Optimization #24

ghost · 2020-05-08T17:39:00Z

I changed the starting points and limited the number of kangaroos. I am currently working on a CPU and I have received the following results:

CPU i3, 534.2K j/s, 64 bit key, 100 tests - mean runtime ~ 3 hours

I have to say how the tests were conducted so that there were no questions about this. Each time a key was found, a new random 64-bit key was created and the search algorithm was run again

Now I'm busy porting code to OpenCL, this is a big and complicated job for me.

I think it's still possible to optimize the key finding time by calculating the correct jump size for each kangaroo.

Any ideas?

CatfishCrypt · 2020-05-08T19:45:36Z

how did you do this:
"Each time a key was found, a new random 64-bit key was created and the search algorithm was run again"
the random part more specifically?

ghost · 2020-05-08T21:05:35Z

the random part more specifically?

Generate random number 2^64:2^65
Create secp256k1 point with generated number
Run kangaroo
After key is find and valid - repeat

I did this to understand how much faster the algorithm works with the changes I made. The standard algorithm completes on average in 5 hours

CatfishCrypt · 2020-05-08T23:34:27Z

Interesting...do you have to manually load each new key and then run Kang or do you have this automated somehow?

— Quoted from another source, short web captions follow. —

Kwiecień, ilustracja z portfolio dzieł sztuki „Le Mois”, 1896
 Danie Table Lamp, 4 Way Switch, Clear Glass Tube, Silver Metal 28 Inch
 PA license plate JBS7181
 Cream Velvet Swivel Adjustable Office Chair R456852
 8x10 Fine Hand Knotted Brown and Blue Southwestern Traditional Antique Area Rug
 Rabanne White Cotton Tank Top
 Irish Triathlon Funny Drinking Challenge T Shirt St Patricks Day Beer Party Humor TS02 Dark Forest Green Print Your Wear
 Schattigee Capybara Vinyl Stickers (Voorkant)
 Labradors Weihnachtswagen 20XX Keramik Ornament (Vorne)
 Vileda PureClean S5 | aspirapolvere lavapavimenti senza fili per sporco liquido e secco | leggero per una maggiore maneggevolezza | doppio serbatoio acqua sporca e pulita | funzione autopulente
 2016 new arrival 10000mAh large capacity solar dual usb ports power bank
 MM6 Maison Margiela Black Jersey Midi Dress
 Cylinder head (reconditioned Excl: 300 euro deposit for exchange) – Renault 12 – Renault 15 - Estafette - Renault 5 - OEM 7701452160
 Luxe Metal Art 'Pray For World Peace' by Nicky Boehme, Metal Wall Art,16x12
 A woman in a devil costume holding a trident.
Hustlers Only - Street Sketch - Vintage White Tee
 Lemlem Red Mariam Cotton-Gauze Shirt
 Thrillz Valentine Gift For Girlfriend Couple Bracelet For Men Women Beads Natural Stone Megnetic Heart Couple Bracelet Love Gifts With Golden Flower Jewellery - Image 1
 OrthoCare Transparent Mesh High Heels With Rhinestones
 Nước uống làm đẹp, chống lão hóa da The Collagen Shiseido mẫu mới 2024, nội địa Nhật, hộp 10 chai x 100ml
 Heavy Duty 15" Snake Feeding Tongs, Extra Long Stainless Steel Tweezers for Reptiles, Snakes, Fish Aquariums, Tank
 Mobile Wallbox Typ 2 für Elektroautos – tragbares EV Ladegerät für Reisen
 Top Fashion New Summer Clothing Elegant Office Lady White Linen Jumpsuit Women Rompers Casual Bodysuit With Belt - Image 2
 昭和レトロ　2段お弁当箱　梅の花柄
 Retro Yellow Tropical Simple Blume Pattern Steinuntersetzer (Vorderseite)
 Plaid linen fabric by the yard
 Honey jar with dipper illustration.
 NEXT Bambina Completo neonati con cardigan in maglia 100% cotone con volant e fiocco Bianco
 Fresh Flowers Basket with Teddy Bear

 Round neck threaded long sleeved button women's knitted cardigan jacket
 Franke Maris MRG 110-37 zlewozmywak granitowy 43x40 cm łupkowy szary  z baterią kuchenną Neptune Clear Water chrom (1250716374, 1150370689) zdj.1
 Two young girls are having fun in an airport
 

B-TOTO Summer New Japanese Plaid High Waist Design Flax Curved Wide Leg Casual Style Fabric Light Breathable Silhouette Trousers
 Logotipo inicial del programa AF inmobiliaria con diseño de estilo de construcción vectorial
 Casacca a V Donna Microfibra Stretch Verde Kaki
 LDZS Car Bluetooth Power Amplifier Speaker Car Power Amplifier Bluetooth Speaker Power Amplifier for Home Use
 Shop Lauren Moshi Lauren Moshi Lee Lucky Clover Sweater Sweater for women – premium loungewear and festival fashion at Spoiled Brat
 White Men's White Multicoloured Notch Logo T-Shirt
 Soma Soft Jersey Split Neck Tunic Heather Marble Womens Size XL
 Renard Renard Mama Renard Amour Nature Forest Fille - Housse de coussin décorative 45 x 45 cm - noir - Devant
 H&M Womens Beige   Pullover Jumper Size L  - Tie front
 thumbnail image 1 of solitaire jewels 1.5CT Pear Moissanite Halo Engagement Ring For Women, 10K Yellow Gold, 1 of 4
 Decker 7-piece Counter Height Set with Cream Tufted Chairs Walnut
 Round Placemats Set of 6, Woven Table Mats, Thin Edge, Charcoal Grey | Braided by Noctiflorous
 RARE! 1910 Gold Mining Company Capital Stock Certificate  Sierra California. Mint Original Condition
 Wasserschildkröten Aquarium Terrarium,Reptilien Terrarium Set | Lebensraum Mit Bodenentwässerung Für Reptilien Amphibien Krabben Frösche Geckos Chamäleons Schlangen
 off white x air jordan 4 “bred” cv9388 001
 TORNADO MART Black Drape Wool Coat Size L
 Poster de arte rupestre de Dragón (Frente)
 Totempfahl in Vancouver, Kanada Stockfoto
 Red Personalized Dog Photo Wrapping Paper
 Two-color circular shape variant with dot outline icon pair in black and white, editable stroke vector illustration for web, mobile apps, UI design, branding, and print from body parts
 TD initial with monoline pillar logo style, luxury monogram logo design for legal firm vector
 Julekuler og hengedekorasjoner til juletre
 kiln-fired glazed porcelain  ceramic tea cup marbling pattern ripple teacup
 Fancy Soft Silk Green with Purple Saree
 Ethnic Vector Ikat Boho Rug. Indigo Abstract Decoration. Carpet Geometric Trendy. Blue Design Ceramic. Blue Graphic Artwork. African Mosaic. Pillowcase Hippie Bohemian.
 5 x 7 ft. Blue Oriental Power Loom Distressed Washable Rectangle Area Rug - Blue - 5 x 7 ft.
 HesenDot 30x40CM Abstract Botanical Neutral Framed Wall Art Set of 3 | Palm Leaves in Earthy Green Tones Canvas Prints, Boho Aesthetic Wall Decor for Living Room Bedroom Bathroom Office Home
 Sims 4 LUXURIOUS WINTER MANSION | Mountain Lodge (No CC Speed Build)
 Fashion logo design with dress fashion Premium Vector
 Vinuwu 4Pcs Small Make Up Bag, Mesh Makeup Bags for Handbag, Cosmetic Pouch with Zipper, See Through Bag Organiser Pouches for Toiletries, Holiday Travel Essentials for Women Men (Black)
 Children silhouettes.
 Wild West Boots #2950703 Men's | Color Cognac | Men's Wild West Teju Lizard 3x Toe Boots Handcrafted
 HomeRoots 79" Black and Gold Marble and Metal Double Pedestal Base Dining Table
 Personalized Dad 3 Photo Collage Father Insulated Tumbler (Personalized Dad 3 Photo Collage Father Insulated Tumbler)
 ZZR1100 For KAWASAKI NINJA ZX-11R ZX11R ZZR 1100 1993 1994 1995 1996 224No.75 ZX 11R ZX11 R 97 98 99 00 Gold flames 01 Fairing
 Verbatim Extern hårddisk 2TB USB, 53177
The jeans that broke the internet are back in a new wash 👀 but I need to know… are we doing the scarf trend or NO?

ghost · 2020-05-09T02:22:12Z

I have automated this. Everything is very simple there, I added a loop and deleted the command line arguments

CatfishCrypt · 2020-05-09T04:28:22Z

Simple for someone who knows their way away programming :)
Do you feel you are finding keys faster via this way?

JeanLucPons · 2020-05-09T04:51:08Z

Hi,

Please be more precise:
You translated (+2^64) the start range of Tame or Wild ?
You 100 keys are the same or uniformly distributed ?
To make average it is important to have key uniformly distributed in the range.

You can speed up the search by spreading the wild to -N/8,N/8, even -N/16,N/16
CreateHerd() function in Kangaroo.cpp
This optimize the overlap between tame and wild, and you can achieve up to 1.25sqrt(N) by compressing the wild but this has side effects when the key to search is near the border of the range and increase also collision between wild...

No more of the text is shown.